Boynton,
Linda. “When the Class Bell Stops
Ringing: The Achievements and Challenges of Teaching Online First-Year
Composition.” Teaching English in the
Two-Year College 29.3 (2002): 298-311.
Writing early in the online
education boom, Boynton offers her reflections as a contribution to
scholarship, which she justifies by citing George Vaughan’s definition:
“’precise observation, organization, and recording of information in the search
for truth and order’” (299). She
organizes her online teaching experiences by identifying pairs of achievements
and challenges.
The first is the
increased connections with professionals outside the discipline (from tech
specialists to other online teachers), along with necessarily redefinition of relationships,
roles, and responsibilities. As a pioneer Boynton finds her limited experience
to be the equivalent of expertise.
Second, Boynton notes that moving online “reignites discussions about
what constitutes good teaching” (301), but that online teachers can also
develop an “us versus them” mindset because of the perceived gulf between
online and face-to-face teachers. Third,
she claims that online teaching allows for a student-teacher partnership, which
also necessitates the sacrifice of some professorial authority.
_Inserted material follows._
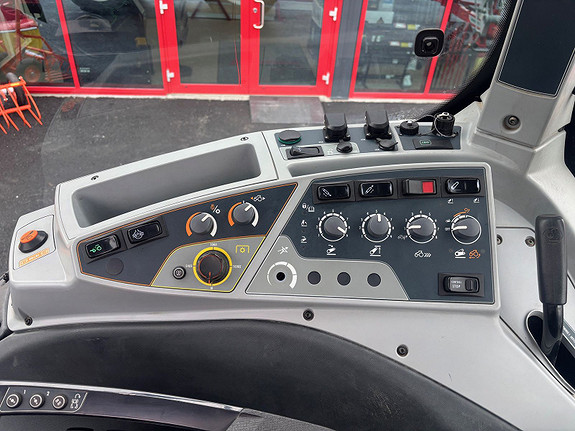 Valtra T214D 2015, kr 699 000,-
Boynton’s comparison of online composition
instruction to 20 independent studies is telling because of the assumptions
underlying it—that online students work independently, and that students in
traditional classrooms do not partner with their instructors. As part of the
loss of authority, Boynton discusses her decision to make more exceptions to
deadlines, which makes the “larger [learning] goal…paramount again” (305), and
her experience with prospective students who feel entitled to assess whether
certain expectations of instructor performance, such as email response time,
will be met.
Fourth, Boynton presents the
increase in genuine moments of instruction because of increased contact time,
paired with the enormous demands of increased availability to students. Actively engaged students want more feedback,
and online students know that teachers have near-constant computer access, so
Boynton has trouble turning off her teaching and spends many hours giving
feedback, even to kids who would just as well revise once, submit, and get a
C. Finally, Boynton notes the benefit of
increased diversity but the difficulties of retaining students who have
competing obligations, ill-formed expectations, or insufficient
preparation.
I find her personal reflection at
the leading edge of online teaching to be a useful contribution, and I am
impressed with her willingness to make herself vulnerable by revealing her
challenges. I wonder if her experiences
and, more interestingly, her assumptions were/are shared by other instructors. Specifically, she assumes that online
students are more active learners because of the mode of delivery, which
further assumes that face-to-face learning is more passive. Is this true even in classrooms using a
workshop model? Similarly, when she
discusses her partnership with each student, she states,
“Professionals…collaborate, offer different perspectives, and then end up with
something that goes far beyond what either thought possible at the beginning of
the process. This ‘partnership’ approach
has been one of the best parts of teaching online” (308). Why is such partnership a defining part of online
teaching and not of classroom teaching? And why is that partnership between student
and teacher only? It seems that
fostering collaboration between students would, besides the obvious benefits,
reduce the teacher’s feedback load by ending her role as the sole audience. I imagine that in the last ten years some of
these assumptions have shifted, but I know that others are still in effect
among many teachers, both online and in the classroom.